What's New in Apache Iceberg

Learn about the new features of Iceberg in Cloudera Runtime 7.3.2, its service packs and cumulative hotfixes.

Cloudera Runtime 7.3.2

Cloudera Runtime 7.3.2 introduces new features of Iceberg and includes all service packs and cumulative hotfixes from 7.3.1.100 through 7.3.1.706. For a comprehensive record of all updates in Cloudera Runtime 7.3.1.x, see New Features.

Cloudera Lakehouse Optimizer for Iceberg table optimization

In Cloudera Runtime 7.3.2 and higher versions, you can use Cloudera Lakehouse Optimizer service in Cloudera Manager to automate the Iceberg table maintenance tasks.

Cloudera Lakehouse Optimizer provides automated Iceberg table maintenance, through Spark jobs, for Iceberg tables in Cloudera Open Data Lakehouse. It simplifies table management, improves query performance, and reduces operational costs.

You can add the service to an existing Cloudera Base on premises 7.3.2 or higher versions cluster in Cloudera Manager 7.13.2 or higher versions, or you can create a dedicated cluster and then add the service. You must ensure that the cluster contains all the required services. After you finish configuring the service, you can use the Cloudera Lakehouse Optimizer service REST APIs to define the Cloudera Lakehouse Optimizer policies, perform policy management, and run other Iceberg table optimization operations.

For more information, see Cloudera Lakehouse Optimizer.

Integrate Iceberg scan metrics into Impala query profiles

Iceberg scan metrics are now integrated into the Frontend section of Impala query profiles, providing deeper insight into query planning performance for Iceberg tables.

The query profile now displays scan metrics from Iceberg's planFiles() API, including total planning time, counts of data/delete files and manifests, and the number of skipped files.

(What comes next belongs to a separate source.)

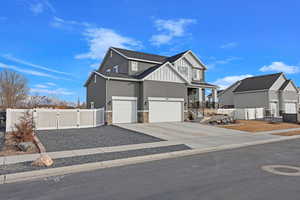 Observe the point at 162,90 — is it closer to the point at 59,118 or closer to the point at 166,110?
the point at 166,110

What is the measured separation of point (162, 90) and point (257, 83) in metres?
21.7

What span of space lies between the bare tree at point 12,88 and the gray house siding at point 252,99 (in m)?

Metrics are displayed on a per-table basis. If a query scans multiple Iceberg tables, a separate metrics section will appear in the profile for each one.

Apache Jira: IMPALA-13628

Delete orphan files for Iceberg tables

You can now use the following syntax to remove orphan files for Iceberg tables:

-- Remove orphan files older than '2022-01-04 10:00:00'.
ALTER TABLE ice_tbl EXECUTE remove_orphan_files('2022-01-04 10:00:00');
            
-- Remove orphan files older than 5 days from now.
ALTER TABLE ice_tbl EXECUTE remove_orphan_files(now() - interval 5 days);

This feature removes all files from a table’s data directory that are not linked from metadata files and that are older than the value of older_than parameter. Deleting orphan files from time to time is recommended to keep the size of a table’s data directory under control.

Apache Jira: IMPALA-14492

Allow forced predicate pushdown to Iceberg

Since IMPALA-11591, Impala has optimized query planning by avoiding predicate pushdown to Iceberg unless it is strictly necessary. While this default behavior makes planning faster, it can miss opportunities to prune files early based on Iceberg's file-level statistics.

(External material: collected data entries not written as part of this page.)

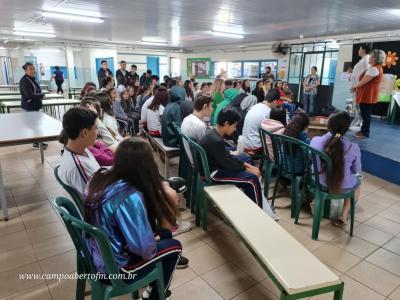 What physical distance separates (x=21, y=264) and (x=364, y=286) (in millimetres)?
2337

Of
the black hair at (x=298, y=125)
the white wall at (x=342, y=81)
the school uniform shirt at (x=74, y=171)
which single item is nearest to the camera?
the school uniform shirt at (x=74, y=171)

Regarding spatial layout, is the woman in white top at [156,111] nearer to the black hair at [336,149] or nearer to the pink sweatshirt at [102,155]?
the pink sweatshirt at [102,155]

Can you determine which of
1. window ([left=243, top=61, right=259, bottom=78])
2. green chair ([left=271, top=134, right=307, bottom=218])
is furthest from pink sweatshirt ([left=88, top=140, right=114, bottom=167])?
window ([left=243, top=61, right=259, bottom=78])

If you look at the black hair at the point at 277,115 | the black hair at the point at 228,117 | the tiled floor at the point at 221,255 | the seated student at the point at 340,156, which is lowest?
the tiled floor at the point at 221,255

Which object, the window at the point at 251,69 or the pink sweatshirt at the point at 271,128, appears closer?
the pink sweatshirt at the point at 271,128

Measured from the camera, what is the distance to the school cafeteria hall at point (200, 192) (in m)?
1.26

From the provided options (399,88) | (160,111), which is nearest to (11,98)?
(160,111)

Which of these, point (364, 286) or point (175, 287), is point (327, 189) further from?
point (175, 287)

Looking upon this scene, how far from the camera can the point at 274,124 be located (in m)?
3.14

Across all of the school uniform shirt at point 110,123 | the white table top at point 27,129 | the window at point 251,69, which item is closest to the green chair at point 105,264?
the white table top at point 27,129

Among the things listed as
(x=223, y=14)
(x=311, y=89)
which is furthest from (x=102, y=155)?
(x=311, y=89)

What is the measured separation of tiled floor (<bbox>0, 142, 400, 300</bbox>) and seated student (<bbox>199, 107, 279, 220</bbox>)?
470mm

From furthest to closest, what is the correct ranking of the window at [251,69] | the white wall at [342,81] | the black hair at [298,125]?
1. the window at [251,69]
2. the white wall at [342,81]
3. the black hair at [298,125]

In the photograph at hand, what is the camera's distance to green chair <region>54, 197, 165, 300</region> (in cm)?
113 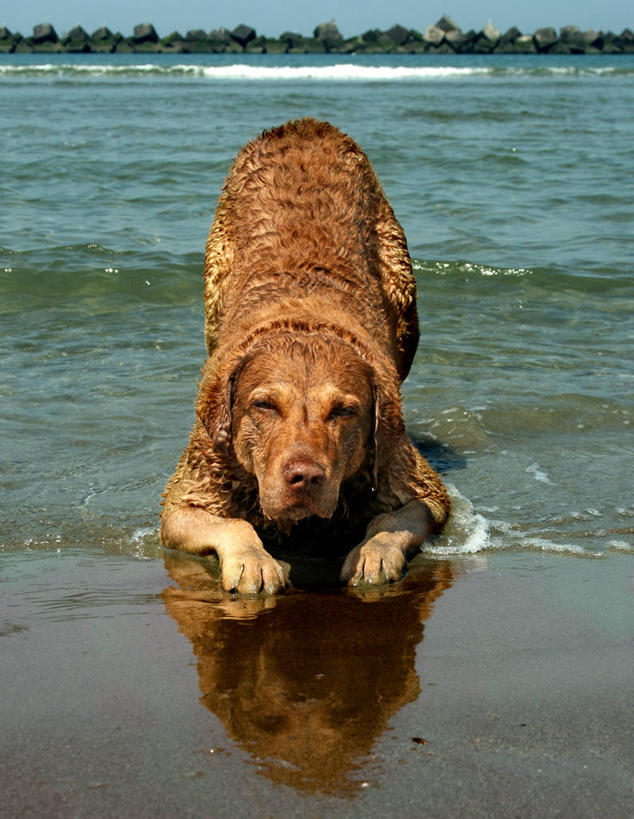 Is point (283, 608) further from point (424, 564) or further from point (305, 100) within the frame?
point (305, 100)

A new table property, impala.iceberg.push_down_hint is introduced, which allows you to force predicate pushdown for specific columns. The property accepts a comma-separated list of column names, for example, 'col_a, col_b'.

If a query contains a predicate on any column listed in this property, Impala will push that predicate down to Iceberg for evaluation during the planning phase.

Apache Jira: IMPALA-14123

UPDATE operations now skip rows that already have the desired value

The UPDATE statement for Iceberg and Kudu tables is optimized to reduce unnecessary writes.

Previously, an UPDATE operation would modify all rows matching the WHERE clause, even if those rows already contained the new value. For Iceberg tables, this resulted in writing unnecessary new data and delete records.

With this enhancement, Impala automatically adds an extra predicate to the UPDATE statement to exclude rows that already match the target value.

Apache Jira: IMPALA-12588